Stadtdesign auf einem verfallenen Industrieareal

In Glasgow konnten im vergangenen Jahr die «Hidden Gardens», eine auf einem verfallenen Industriegelände im Südteil der Stadt realisierte Gartenanlage, eröffnet werden. Sie sind ein interessantes Beispiel postindustrieller Stadterneuerung, welche auf den Einbezug der multikulturellen Bevölkerung dieser Quartiere setzt.

30. Juli 2004 - Ignaz Strebel
Noch zu Beginn des Ersten Weltkrieges galt Glasgow als zweite Stadt des britischen Imperiums. Sie wurde reich durch Textilien, Kohle und Stahl sowie durch den Bau von Schiffen und Lokomotiven. Diese Spezialisierung erschwerte aber eine Anpassung der Wirtschaft an die sich allmählich verändernden Weltmärkte. So gingen zwischen 1961 und 1981 in Glasgow 200 000 Arbeitsplätze in der verarbeitenden Industrie verloren. Dieser Einbruch hinterliess seine Spuren auch bei der Bausubstanz. Verfallene Industriegebäude und verwilderte Flächen bestimmen das Bild der Vorstädte. Heute gelten nahezu 800 Hektaren innerhalb der Stadtgrenze von Glasgow als baufälliges ehemaliges Industrieareal.
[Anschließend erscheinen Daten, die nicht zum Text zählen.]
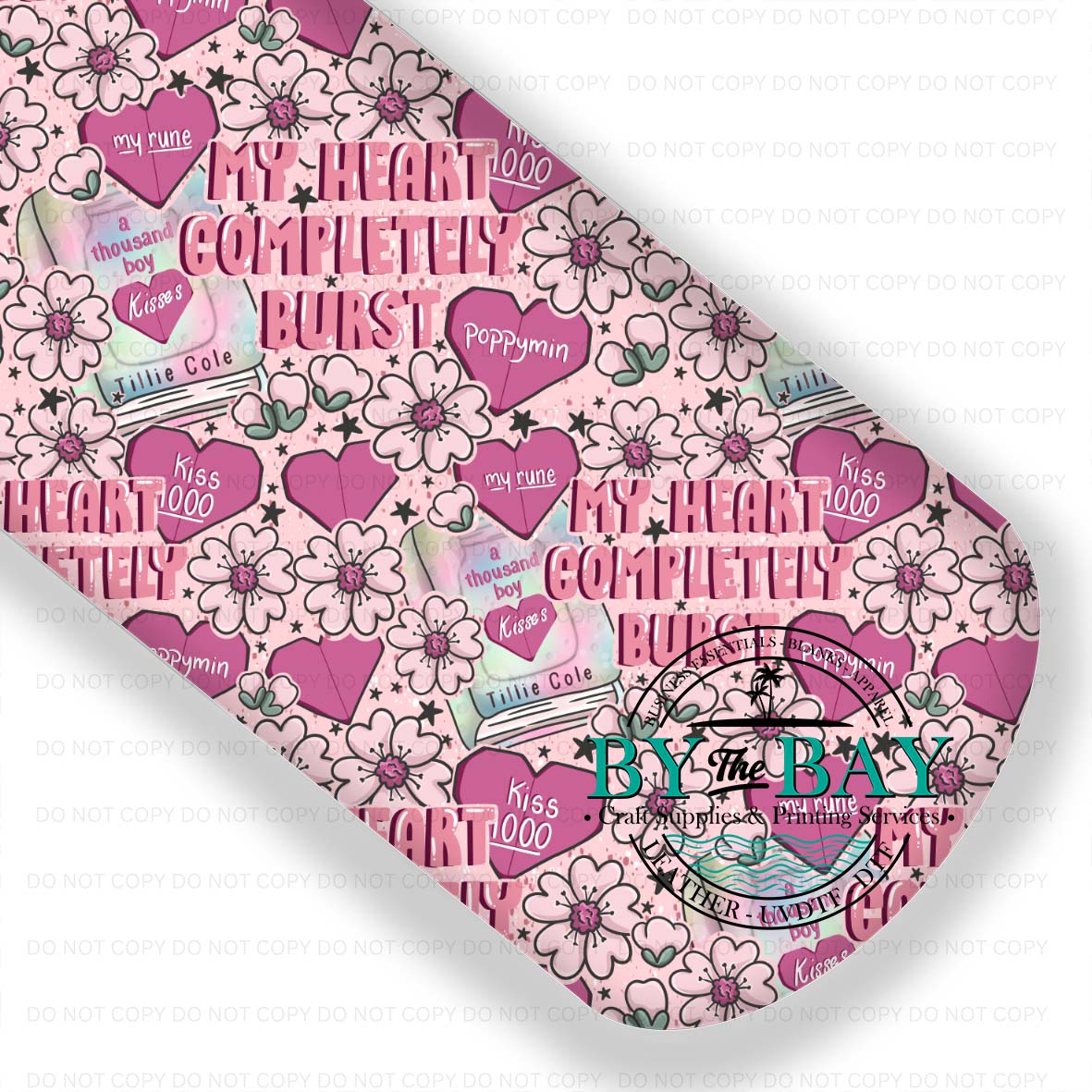 1000 Kisses Pink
Diese Fläche entspricht ungefähr sechs Prozent des bebauten Stadtgebietes. Deren Verwendung und Entwicklung ist dem Spiel des Bodenmarktes ausgeliefert, und es ist schwierig, sie für öffentliche Zwecke zu erschliessen.

Stadterneuerung im Zwischenraum

Die Entstehung der Hidden Gardens ist vor diesem Hintergrund als ungewöhnlicher städtebaulicher Prozess zu bezeichnen. Diese Gartenanlage befindet sich zwischen den Stadtteilen East Pollokshields und Govanhill südlich des Clyde, der die Stadt in zwei Hälften teilt. Dieses vom Niedergang gezeichnete Gebiet schliesst direkt ans Zentrum an und gehört noch nicht zur Suburbia der 1,5 Millionen Einwohner zählenden Agglomeration. Neben den Industriebauten wurden hier auch viele Mietshäuser aus dem 19. Jahrhundert dem Zerfall überlassen. Damit sind die beiden Viertel die Negativbeispiele der in Fachkreisen sonst so gelobten postindustriellen Umwandlung Glasgows in ein Einkaufs- und Dienstleistungszentrum. Eine unbeabsichtigte Folge dieses Glasgower Umwandlungsprozesses und der damit zusammenhängenden räumlichen Dynamik sind die durch gestiegene Immobilienpreise bedingte Ausgrenzung finanzschwacher Bevölkerungsschichten und deren Abwanderung in jene Teile der Stadt, in denen noch günstiger Wohnraum zu finden ist. Unter diesen Bedingungen erstaunt es nicht, dass East Pollokshields und Govanhill heute zu rund 40 Prozent von Vertretern ethnischer Minderheiten bewohnt werden. So beherbergt East Pollokshields die grösste asiatische Gemeinschaft der Stadt. Hier wohnen vor allem Einwanderer aus Indien und Nepal, Pakistan und Bangladesh.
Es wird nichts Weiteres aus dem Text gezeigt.